──────── Given data

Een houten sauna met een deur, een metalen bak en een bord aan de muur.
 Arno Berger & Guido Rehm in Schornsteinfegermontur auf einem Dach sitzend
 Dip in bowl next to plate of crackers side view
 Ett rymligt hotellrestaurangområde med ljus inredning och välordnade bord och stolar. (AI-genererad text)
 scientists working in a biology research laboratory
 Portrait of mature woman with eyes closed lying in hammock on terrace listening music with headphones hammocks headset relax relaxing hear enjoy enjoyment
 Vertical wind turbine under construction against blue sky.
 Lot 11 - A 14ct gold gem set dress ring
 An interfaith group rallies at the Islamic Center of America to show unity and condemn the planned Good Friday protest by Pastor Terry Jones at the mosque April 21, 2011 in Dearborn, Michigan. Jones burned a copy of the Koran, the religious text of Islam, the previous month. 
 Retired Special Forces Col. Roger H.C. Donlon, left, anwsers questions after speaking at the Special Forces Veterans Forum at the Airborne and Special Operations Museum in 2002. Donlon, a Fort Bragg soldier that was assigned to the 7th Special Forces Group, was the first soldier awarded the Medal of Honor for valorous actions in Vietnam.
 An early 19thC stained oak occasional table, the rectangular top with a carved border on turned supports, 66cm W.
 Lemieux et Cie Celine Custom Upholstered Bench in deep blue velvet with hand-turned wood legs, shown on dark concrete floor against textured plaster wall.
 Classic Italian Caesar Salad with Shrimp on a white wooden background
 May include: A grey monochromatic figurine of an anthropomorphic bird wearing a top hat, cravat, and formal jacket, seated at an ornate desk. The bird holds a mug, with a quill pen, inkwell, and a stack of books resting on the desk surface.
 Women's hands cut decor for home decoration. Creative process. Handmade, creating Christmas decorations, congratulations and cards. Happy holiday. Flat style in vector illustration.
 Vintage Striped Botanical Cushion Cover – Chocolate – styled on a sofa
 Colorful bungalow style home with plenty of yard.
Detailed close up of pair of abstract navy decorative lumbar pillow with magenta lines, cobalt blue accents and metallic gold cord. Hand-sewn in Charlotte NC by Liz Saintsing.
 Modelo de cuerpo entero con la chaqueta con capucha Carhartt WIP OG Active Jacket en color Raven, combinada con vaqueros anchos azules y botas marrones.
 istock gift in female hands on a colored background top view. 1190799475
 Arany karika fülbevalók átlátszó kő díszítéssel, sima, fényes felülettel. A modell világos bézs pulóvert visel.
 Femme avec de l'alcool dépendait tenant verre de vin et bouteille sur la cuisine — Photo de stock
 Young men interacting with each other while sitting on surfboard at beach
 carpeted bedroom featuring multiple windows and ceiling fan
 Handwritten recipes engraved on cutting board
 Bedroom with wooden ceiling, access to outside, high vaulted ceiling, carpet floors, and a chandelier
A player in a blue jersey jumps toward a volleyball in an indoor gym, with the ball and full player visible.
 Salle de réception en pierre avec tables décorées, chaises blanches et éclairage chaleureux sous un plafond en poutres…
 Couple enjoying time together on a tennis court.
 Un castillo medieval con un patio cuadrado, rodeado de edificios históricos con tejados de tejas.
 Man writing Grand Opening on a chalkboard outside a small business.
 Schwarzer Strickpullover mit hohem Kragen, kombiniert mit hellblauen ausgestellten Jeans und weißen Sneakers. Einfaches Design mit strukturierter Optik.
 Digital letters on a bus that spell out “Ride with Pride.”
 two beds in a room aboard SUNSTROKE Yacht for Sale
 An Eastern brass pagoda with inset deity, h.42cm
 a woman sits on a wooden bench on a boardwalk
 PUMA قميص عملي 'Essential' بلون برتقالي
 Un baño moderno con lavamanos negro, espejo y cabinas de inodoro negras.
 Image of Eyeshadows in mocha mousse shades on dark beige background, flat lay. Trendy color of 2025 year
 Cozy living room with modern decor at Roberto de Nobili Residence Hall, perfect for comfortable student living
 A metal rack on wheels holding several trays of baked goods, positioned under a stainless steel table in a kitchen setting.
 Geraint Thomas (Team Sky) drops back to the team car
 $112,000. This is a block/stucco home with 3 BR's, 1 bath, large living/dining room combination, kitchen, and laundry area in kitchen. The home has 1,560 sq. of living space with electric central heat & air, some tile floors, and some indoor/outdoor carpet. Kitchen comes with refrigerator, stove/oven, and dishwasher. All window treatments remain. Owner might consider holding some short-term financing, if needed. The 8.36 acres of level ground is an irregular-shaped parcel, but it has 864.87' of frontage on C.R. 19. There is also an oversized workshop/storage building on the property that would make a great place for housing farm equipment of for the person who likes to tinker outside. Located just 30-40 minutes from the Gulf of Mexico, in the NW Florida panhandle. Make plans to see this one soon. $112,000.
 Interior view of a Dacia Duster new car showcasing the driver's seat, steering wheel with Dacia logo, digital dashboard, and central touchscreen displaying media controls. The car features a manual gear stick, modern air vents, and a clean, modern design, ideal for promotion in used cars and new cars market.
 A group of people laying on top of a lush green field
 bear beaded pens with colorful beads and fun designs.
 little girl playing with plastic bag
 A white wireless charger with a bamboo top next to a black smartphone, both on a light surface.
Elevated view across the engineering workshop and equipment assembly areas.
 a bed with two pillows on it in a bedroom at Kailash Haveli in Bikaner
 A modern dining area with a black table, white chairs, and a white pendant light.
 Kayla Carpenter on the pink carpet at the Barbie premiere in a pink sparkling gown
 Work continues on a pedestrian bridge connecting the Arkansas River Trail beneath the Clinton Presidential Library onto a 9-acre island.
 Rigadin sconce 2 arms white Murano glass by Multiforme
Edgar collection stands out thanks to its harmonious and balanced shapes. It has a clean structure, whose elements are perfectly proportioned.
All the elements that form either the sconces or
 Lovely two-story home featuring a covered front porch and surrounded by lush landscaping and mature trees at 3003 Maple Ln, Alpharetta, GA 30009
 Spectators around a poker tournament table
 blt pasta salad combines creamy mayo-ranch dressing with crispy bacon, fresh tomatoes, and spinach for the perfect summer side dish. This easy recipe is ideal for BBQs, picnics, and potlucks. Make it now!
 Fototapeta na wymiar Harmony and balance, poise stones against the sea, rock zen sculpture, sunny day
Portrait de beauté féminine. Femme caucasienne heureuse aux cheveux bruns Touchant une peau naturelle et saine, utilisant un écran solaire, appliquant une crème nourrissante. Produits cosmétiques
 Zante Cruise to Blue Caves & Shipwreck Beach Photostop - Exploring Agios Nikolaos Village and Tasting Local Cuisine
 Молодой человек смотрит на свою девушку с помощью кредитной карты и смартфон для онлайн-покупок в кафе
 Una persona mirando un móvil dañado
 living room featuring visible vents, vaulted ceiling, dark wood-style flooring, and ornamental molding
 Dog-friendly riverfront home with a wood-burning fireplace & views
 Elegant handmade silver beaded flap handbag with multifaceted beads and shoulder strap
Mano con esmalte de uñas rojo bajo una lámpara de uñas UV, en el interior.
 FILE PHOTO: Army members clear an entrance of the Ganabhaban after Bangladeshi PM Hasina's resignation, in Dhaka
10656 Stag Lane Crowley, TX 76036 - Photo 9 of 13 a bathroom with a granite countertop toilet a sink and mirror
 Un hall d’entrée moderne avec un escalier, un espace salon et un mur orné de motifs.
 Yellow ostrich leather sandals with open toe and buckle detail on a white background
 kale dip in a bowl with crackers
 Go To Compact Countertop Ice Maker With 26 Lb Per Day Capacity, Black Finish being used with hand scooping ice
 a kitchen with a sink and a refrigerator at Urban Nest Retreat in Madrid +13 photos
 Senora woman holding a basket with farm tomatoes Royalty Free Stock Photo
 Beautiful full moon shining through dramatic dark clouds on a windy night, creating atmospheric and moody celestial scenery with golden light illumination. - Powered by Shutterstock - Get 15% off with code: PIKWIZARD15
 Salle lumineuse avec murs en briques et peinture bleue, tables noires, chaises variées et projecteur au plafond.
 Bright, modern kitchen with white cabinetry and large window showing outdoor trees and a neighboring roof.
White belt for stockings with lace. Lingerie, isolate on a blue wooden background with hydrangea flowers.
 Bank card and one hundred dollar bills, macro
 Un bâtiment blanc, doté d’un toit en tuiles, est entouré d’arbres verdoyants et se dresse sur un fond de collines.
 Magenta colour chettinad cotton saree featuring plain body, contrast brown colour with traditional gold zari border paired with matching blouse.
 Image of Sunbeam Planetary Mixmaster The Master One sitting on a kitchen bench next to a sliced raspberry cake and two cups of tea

────────────────

## Work order
Give again, exactly as written, the lines running from the first line of the data above through the line that contains "Ett rymligt hotellrestaurangområde".

## Answer box
Een houten sauna met een deur, een metalen bak en een bord aan de muur.
 Arno Berger & Guido Rehm in Schornsteinfegermontur auf einem Dach sitzend
 Dip in bowl next to plate of crackers side view
 Ett rymligt hotellrestaurangområde med ljus inredning och välordnade bord och stolar. (AI-genererad text)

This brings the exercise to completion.